Data below

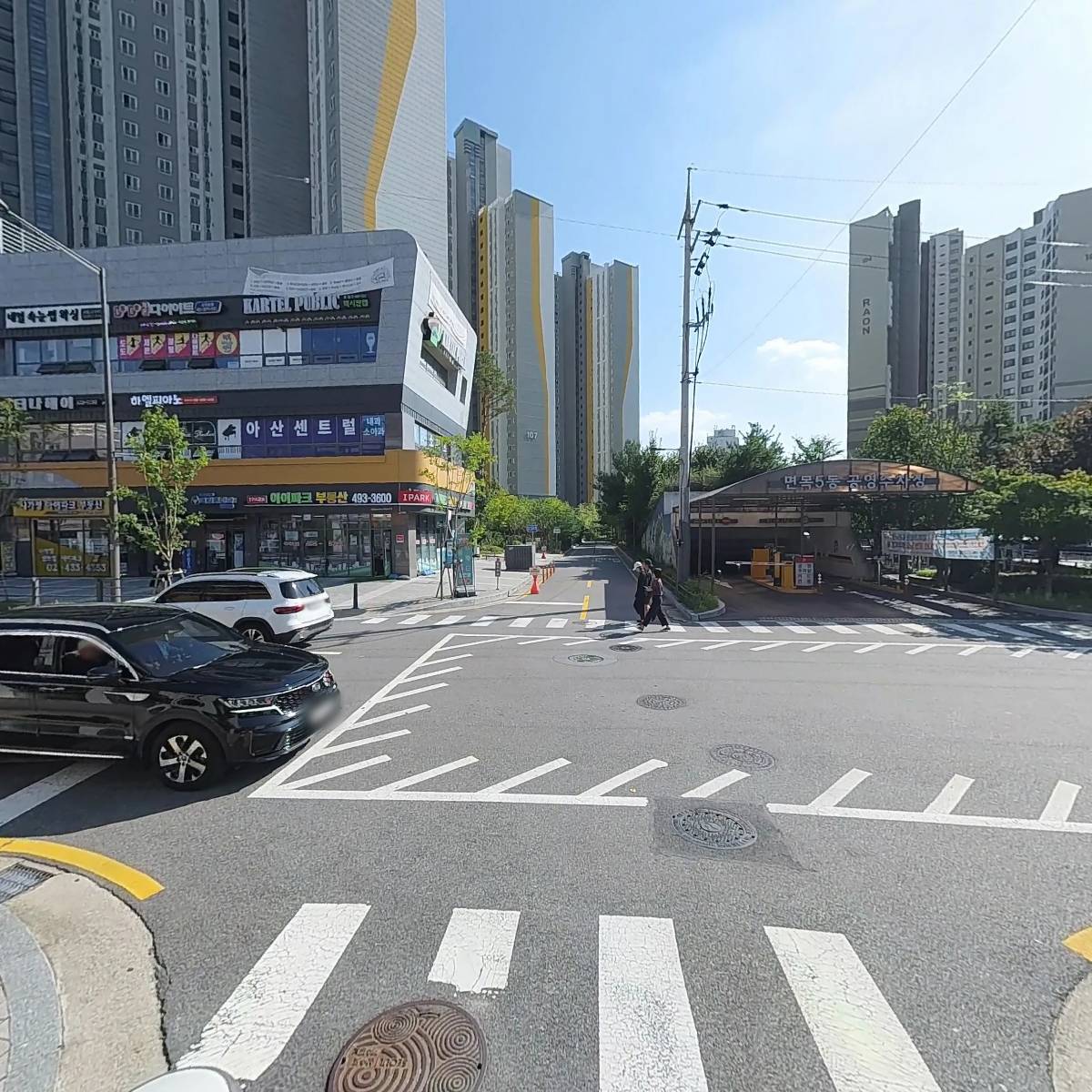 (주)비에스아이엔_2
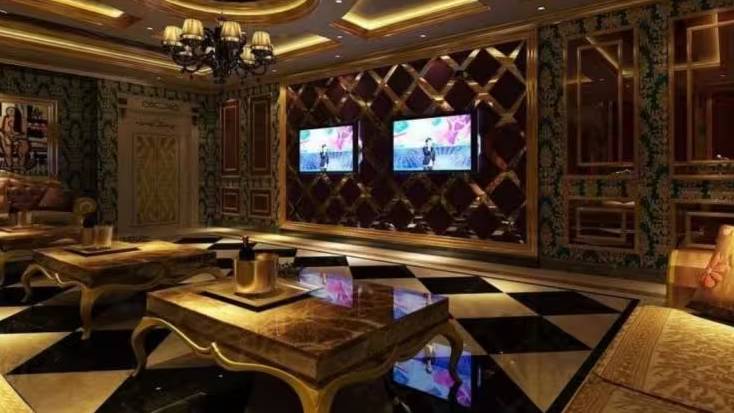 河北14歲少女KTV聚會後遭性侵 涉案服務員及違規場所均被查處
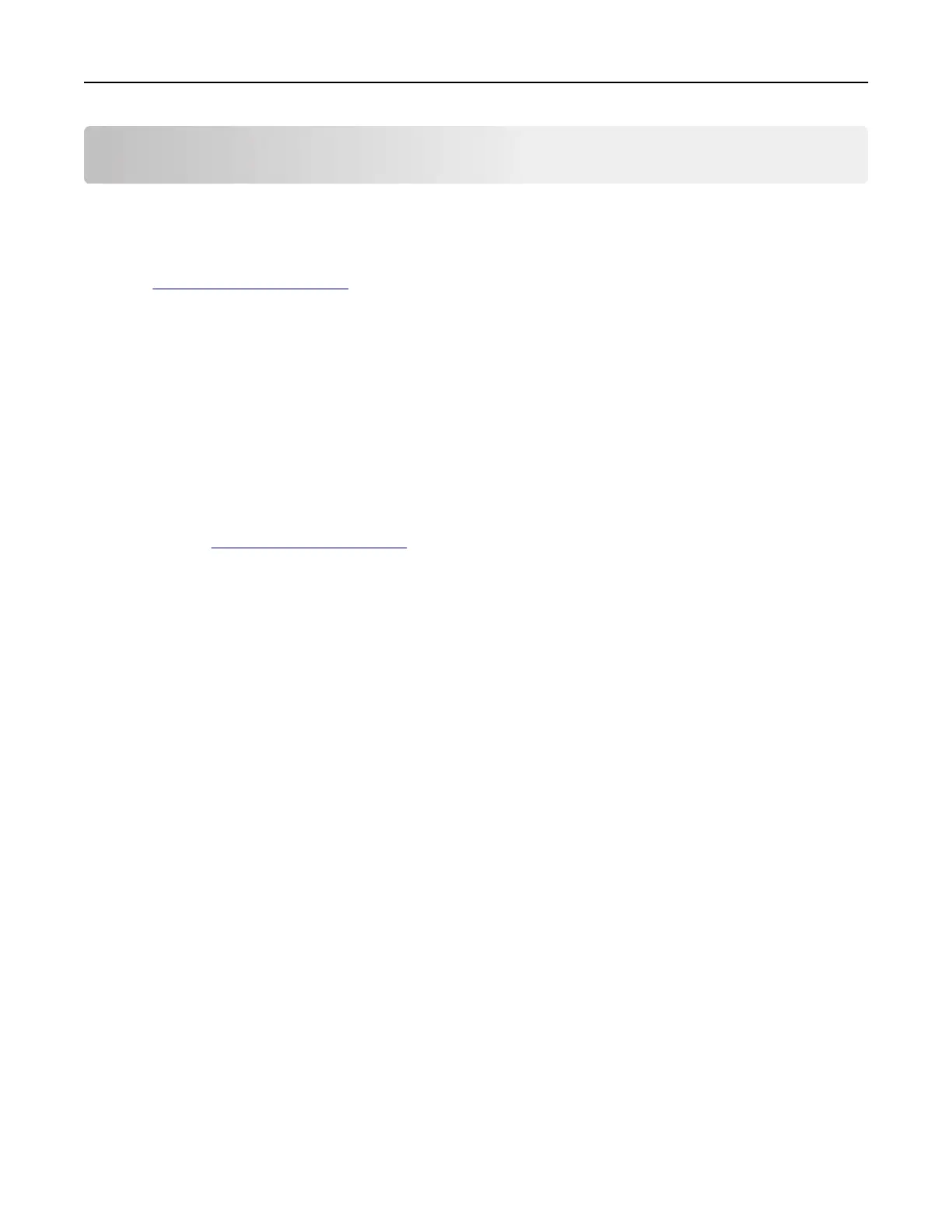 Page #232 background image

Task directions
Take the line with "河北14歲少女KTV聚會後遭性侵 涉案服務員及違規場所均被查處" and each line after it through the end of the material above, and reproduce them exactly, without the pictures.

Finished task
 河北14歲少女KTV聚會後遭性侵 涉案服務員及違規場所均被查處
 Page #232 background image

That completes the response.